Mmm, Korean food
On a cold, slushy night like this one, Korean food is perfect. Kristin, her man friend and I headed to Riverside tonight after I got done at the Big E. He's going to Korea in a month, so he wanted the low-down on life as an ESL teacher and he'd never had Korean food.
Kristin, who's newer to Cinci that I am, had been there. Surprisingly, she stopped there once when she didn't want to go home for her dinner break.
I had dolsot bibimbap, like a Korean salad in a giant stone pot. They put a sunny-side up egg on top, and you mix in kochu jang (hot pepper paste) and stir the whole thing up. The rice on the bottom gets crispy and delicious! Yum!
Riverside serves traditional ban-chan (side dishes) with each meal -- nine of them. Tonight: kimchi, spicy spinach, sesame spinach, spicy radish, mushrooms, cucumber-crab salad, spicy cucumbers, sweet potatoes and something else. I can cook Korean fairly well, but the side dishes are tough. I never make more than one or two... it's such a treat to get so many at once.
Greg, Kristin's boy toy, wanted to try soju, the traditional Korean liquor. At $16 (instead of $2 or less at restaurants in Korea), we opted against a bottle of it.
We used to buy bottles and bottles of the stuff (at 88 cents each in the store), along with random juices and sodas and mix it all up in a five-gallon bucket at Monique's house. We'd usually party till well past dawn, and Shan and I'd spend the entire next day recovering at Monique and Jen's apartment. Soju is wicked, wicked stuff. Even a sip of it makes me sick now.

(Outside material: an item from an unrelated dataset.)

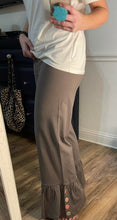 Load image into Gallery viewer, Button Up Bottoms (Mocha) - The Barron Boutique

When I dated Joon-Hui, I learned to drink it like Korean men did: at room temperature and in shots, bottle after bottle. One night we went out for sushi and had three bottles. Ugh. That's when I stopped trying to keep up with locals. (After, I just tried to keep up with the expats, which proved dangerous enough to my liver!)
So, kids, beware the soju. It's potent stuff.
Sunday I went to Wild Oats to get some spices and soymilk. Random, but c'est moi. I bought turmeric, curry and garam masala. I mixed a teaspoon each of those, along with two cloves of garlic and some cumin and added it to the inside of a spaghetti squash. Yum. A quick, easy lunch for a few days.
My diet right now, if not my life and this entry, is spicy.